Agent salaries and compensation is one of the most controversial topics in real estate. The general consensus from two Inman Connect New York 2020 panels — “Let’s Get Real: The Agent Compensation Discussion” and “From the Trenches: Team Members Talk” — is that each brokerage’s situation is highly specific. But all work best when teams collaborate on a common goal.
“The value proposition is the conversation — coaching, training and providing them the necessary support, systems and more than enough leads, so they can focus on their most dollar productive activities to hit their individual financial goals, then helping each agent stay on track for these goals.” said Sue Adler, CEO of the Sue Adler Team at Keller Williams Realty. Her agents are compensated through commission while the admin and lead gen arms of the team get salaries and bonuses.

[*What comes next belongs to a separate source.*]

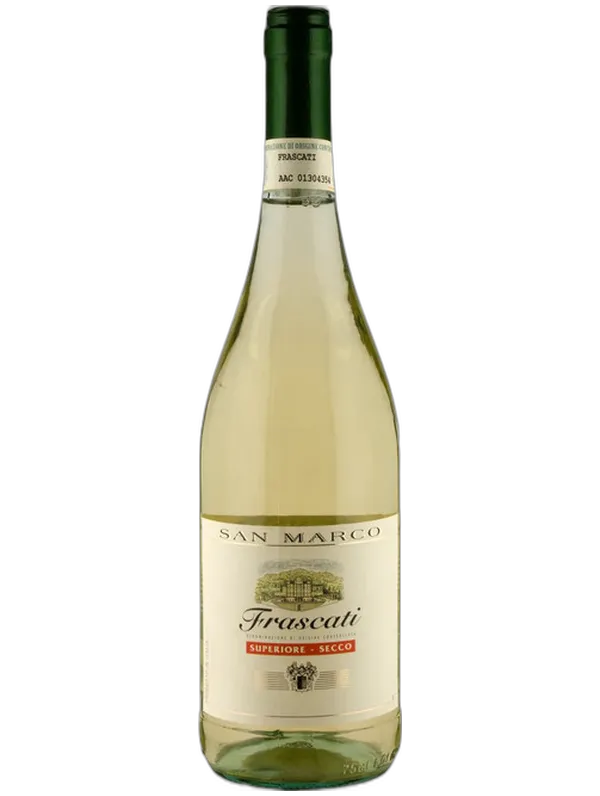 San Marco San Marco Frascati Superiore Secco 2024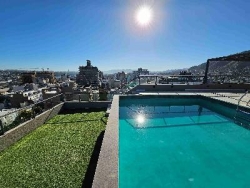EXCELENTE DEPARTAMENTO EN VENTA EN VILLA CARLOS PAZ, A ESTRENAR, 0 KM. 2 DORM, 2 BAÑOS - CON BALCÓN Y GRAN VISTA PANORÁMICA. Torre Tatiana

In large brokerages, different agents specialize on specific areas of the homebuying transaction — one may work specifically on securing leads while another shows the homes. In such cases, it may not make sense to have agents compensated for individual aspects of their job because all members of the team work together to close a sale.
“If you need someone to open the door for you, you don’t expect to pay them,” said Jill Biggs, principal of The Jill Biggs Group at Coldwell Banker Residential Brokerage. “Everybody helps everybody.”
Meanwhile, Ilan Bracha, founder of The Bracha Team at Keller Williams NYC, pays members of his six-person team showing and transaction fees alongside a base salary. He believes it motivates his agents to hustle and fight for sales.
“When you start to spend money on advertising and leads, it becomes a business,” said Bracha. “[…] I think it’s a win-win as long as the inventory is priced to sell. You only need to do a few showings and get the offer.”
Some agents prefer to have the support, even while giving up the opportunity to make a lot of money individually, of a large-scale brokerage — particularly in terms of things like advertising and leads.
“There’s a convenience to not having to schedule things,” said Kelsey McGaughey, an agent with the PR Group at Intero Real Estate Services in Houston. “[…] If I have to pay for signs and a personal coach and a transaction coordinator, I would probably be spending more at the end of the day.”
But ultimately, each team leader needs to gauge its team, what works and what doesn’t, said Chris Anuszewski, director of operations for the Figueroa Team. Some agents will immediately want to rise to positions of leadership while others do their best work in teams. The goal is to make sure that team members trust you, feel fairly compensated and are channeled into venues that allow them to do their best work.
“As a team leader, you have to have trust in your people and they have to have trust in you,” said Anuszewski. “You have to ask yourself ‘am I doing enough to earn that trust?'”
UPDATE: This article has been updated to reflect comments from Sue Adler. Inman regrets this error.